College is supposed to be the best four years of a child’s life, a time with few responsibilities and maybe mom and dad footing the bill. All your kid has to do is learn and maybe hit a party or two, right?
Not exactly. Every year at the college orientation programs I run in New England, I watch parents idealize an experience that is actually filled with huge anxiety and change for teenagers on the brink of adulthood. If you want to parent effectively through the transition, take some time to understand what your child’s life is really like at school.
Launching a kid into college is about more than having the money to pay for it. Parents invest so much of their time and identities in the process that it can feel like a part time job. For many parents, the college your child ends up attending becomes a parenting grade. It’s far from easy to hear that your child is depressed, unhappy or failing, especially when many have sacrificed so much to get their kids across the finish line.

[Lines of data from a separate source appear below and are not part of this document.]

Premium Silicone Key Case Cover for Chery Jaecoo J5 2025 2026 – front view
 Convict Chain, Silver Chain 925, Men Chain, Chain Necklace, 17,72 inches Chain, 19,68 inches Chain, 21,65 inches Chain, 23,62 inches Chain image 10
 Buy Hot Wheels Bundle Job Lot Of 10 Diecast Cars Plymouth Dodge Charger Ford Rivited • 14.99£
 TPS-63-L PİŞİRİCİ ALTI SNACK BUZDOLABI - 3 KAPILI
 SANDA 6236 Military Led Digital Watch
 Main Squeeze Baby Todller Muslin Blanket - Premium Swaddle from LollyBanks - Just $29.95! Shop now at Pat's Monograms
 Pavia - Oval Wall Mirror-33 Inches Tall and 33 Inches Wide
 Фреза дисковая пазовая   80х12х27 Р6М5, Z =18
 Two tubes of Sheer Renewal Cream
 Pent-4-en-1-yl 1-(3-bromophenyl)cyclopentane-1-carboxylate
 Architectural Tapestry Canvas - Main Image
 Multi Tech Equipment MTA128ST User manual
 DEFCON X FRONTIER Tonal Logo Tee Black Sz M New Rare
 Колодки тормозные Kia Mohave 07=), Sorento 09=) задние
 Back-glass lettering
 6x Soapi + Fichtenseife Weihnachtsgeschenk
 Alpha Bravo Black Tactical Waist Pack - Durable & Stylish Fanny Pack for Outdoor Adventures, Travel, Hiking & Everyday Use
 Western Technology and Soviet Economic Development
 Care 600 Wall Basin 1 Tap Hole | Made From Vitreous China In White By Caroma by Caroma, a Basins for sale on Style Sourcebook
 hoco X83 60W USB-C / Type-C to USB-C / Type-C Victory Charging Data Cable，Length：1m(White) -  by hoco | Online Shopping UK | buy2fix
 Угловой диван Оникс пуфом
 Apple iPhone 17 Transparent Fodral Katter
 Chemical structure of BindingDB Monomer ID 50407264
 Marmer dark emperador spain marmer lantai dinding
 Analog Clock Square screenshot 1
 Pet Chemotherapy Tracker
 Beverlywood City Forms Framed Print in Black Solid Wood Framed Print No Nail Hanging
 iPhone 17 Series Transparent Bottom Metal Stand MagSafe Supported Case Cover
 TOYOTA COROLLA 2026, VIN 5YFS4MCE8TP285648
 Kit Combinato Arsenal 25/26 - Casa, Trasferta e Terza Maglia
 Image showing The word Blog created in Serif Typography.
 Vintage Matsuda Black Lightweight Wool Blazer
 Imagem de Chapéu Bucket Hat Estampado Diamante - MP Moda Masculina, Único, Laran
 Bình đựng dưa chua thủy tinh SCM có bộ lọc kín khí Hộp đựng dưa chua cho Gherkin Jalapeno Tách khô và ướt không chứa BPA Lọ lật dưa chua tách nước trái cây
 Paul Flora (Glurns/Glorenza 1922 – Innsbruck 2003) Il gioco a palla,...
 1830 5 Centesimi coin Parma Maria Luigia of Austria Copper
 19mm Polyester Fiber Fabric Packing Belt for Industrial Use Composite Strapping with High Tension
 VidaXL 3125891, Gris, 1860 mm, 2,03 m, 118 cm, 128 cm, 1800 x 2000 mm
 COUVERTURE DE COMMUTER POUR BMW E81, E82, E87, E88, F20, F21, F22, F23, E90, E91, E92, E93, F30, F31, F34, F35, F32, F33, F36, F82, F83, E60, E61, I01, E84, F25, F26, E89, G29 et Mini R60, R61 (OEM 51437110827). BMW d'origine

Ask almost any adult, and most will say college sure beats working.
But that attitude ignores the fact that there has never been a more emotionally challenging time to be a college student in the United States, especially for freshmen. Nearly half of all college students reported feeling hopeless at least once over the past year, according to the 2013 National College Health Assessment. In 2010, a study by the University of California at Los Angeles found the highest-ever recorded levels of stress among first year students, especially women.
I run skills-building programs focused on healthy risk taking, failure resilience, and self-care for undergraduates around the country. Like any life change, college is filled with anxiety, insecurity, social misfires and the occasional crying in one’s bed at night (I wouldn’t personally know anything about that).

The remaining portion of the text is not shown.